Whilst living in Southwold Captain Rayley became involved with a number of local organisations supporting the community, taking on roles such as the Chairmanship of Southwold Union Book Club. Following his death, his wife Frances decided that the building of a dedicated reading room in Southwold would provide a suitable memorial to her husband's memory.

The original purpose of the Reading Room was to provide a place for sailors and fishermen to meet, read and talk.
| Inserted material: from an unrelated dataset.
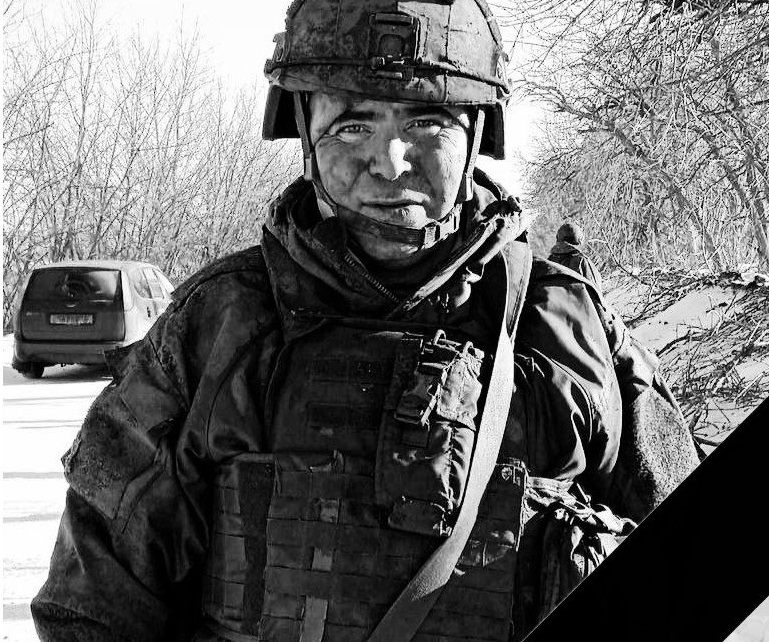 В спецоперации погиб саратовец Виталий Усов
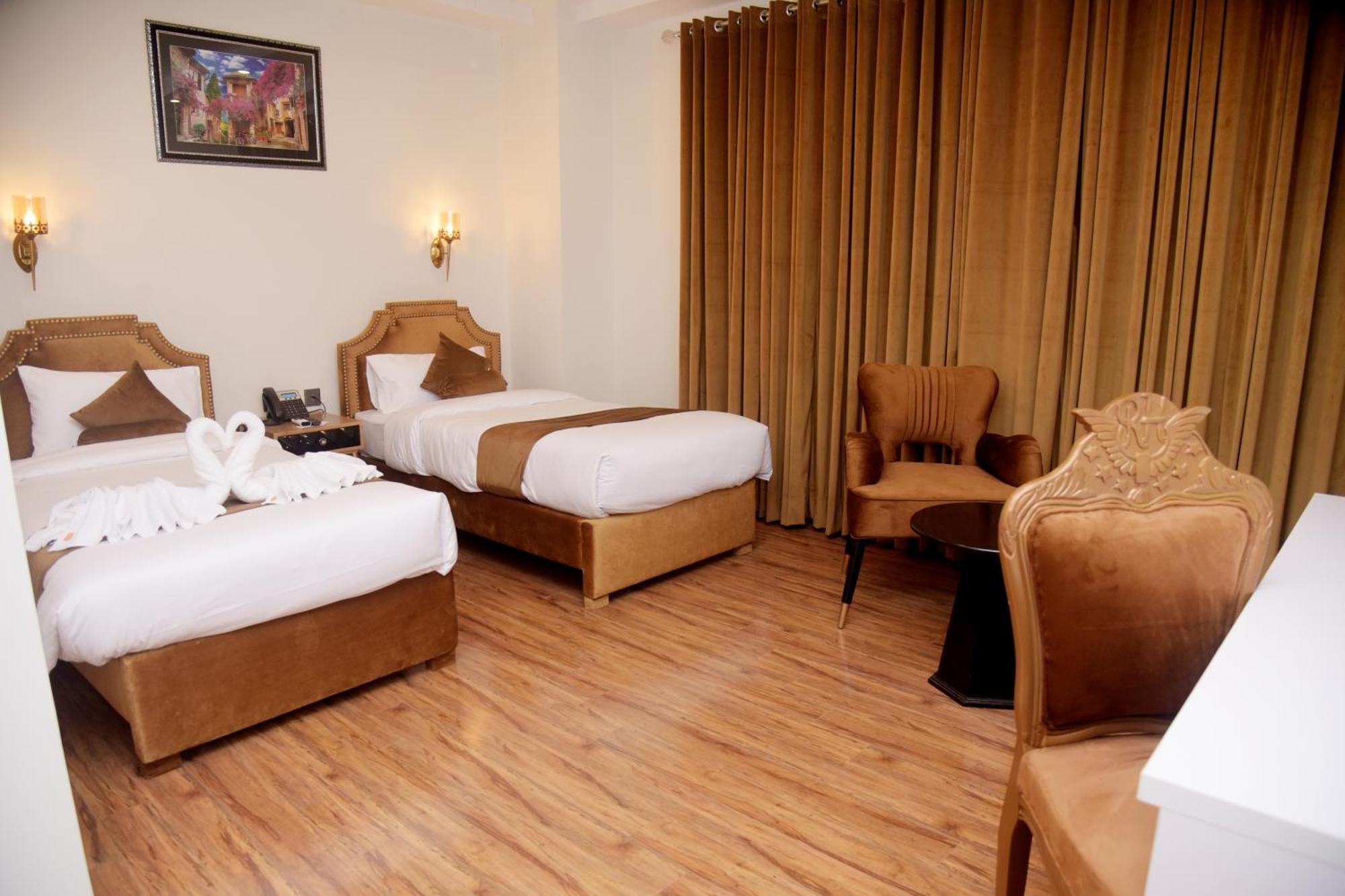 The Rich Hotel & Apartments Lahore Exteriér fotografie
This was considered preferable to spending time and money in one of the pubs in Southwold.

Ownership of the Southwold Sailors' Reading Room changed hands four times but at last, in 1972, two local sisters, Miss Nancy Fox and Mrs Joan Philpot, purchased the Reading Room building, and formed the Southwold Sailors Reading Room Association, registered charity No 1150918.\

The Southwold Reading Room Rules has strict rules that include the following prohibitions: "There shall be no Swearing, no Gambling, no Improper Language, or Bad Behaviour...neither Beer nor Spirits". Rule 8 states that "no Newspaper be retained by any Member longer than 10 minutes after it has been asked for, and that no Member on any account be permitted to take any Newspaper out of the Room".